** Opening Dataset section block **

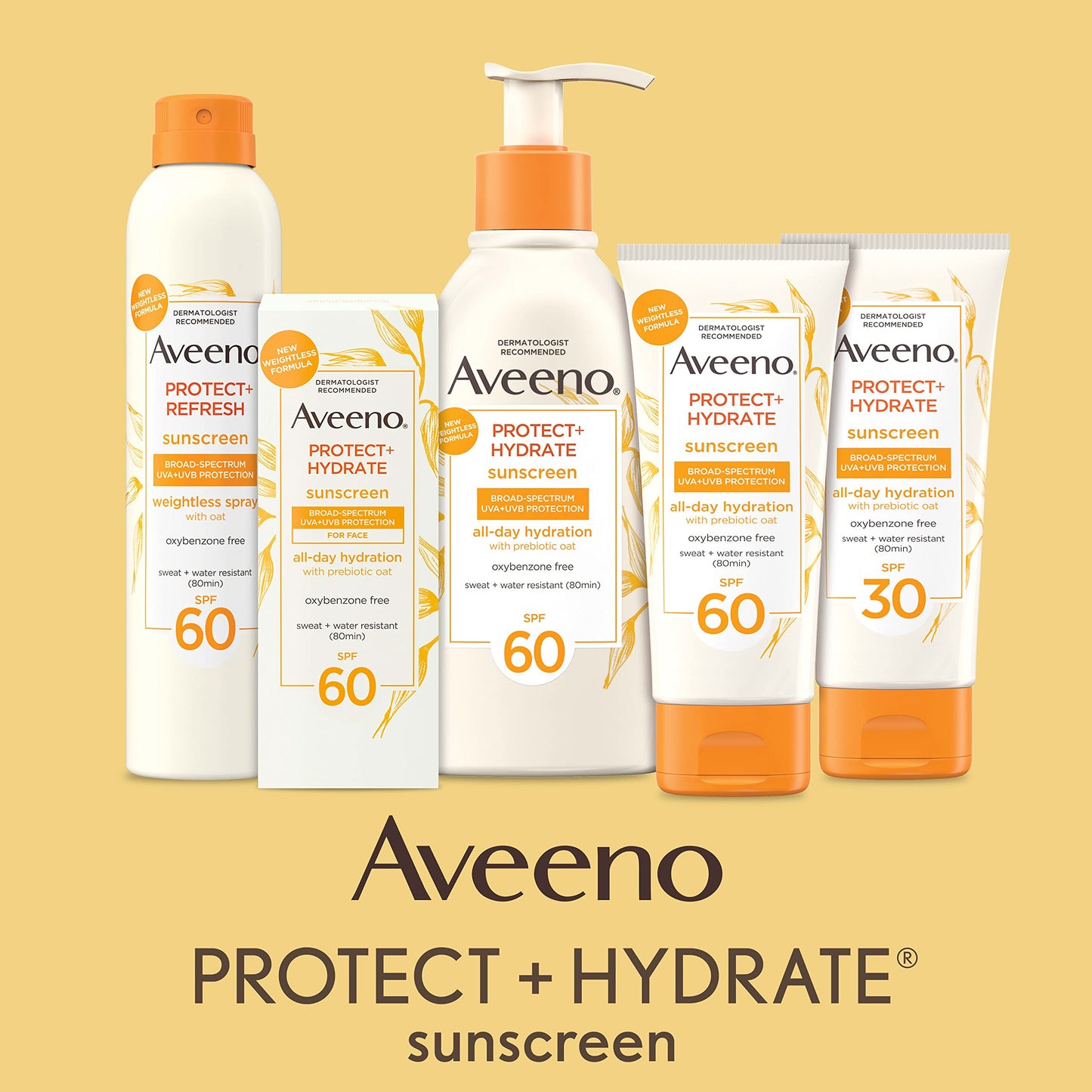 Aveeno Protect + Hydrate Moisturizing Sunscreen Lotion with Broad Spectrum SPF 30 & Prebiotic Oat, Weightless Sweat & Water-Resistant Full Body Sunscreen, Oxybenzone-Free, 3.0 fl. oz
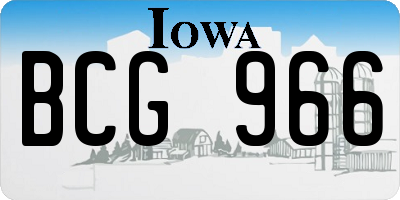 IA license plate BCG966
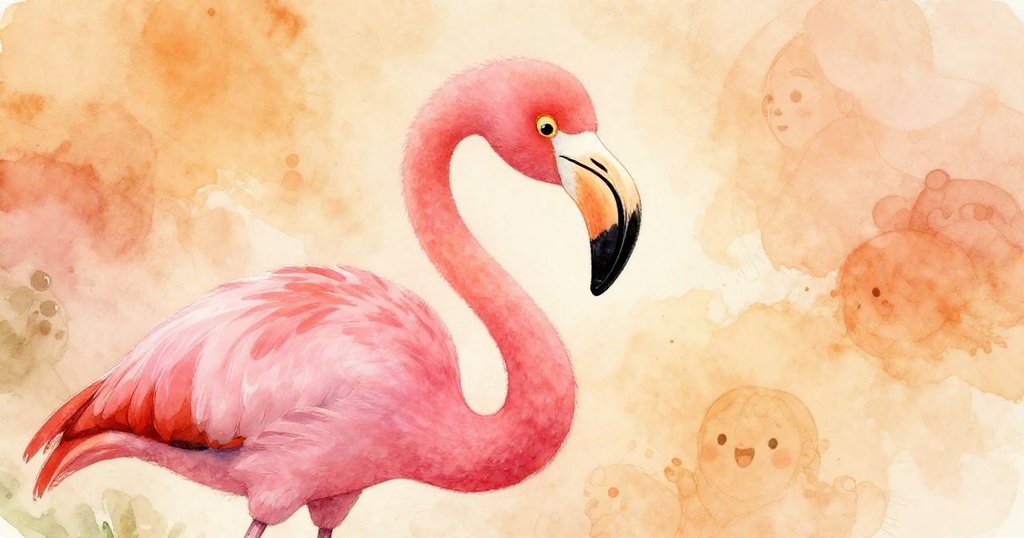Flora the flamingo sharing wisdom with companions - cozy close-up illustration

** Closing Dataset section block **

**Problem to work on:**
In your copy, leave out the pictures and reproduce the material above exactly.

**Task answer:**
 Aveeno Protect + Hydrate Moisturizing Sunscreen Lotion with Broad Spectrum SPF 30 & Prebiotic Oat, Weightless Sweat & Water-Resistant Full Body Sunscreen, Oxybenzone-Free, 3.0 fl. oz
 IA license plate BCG966
Flora the flamingo sharing wisdom with companions - cozy close-up illustration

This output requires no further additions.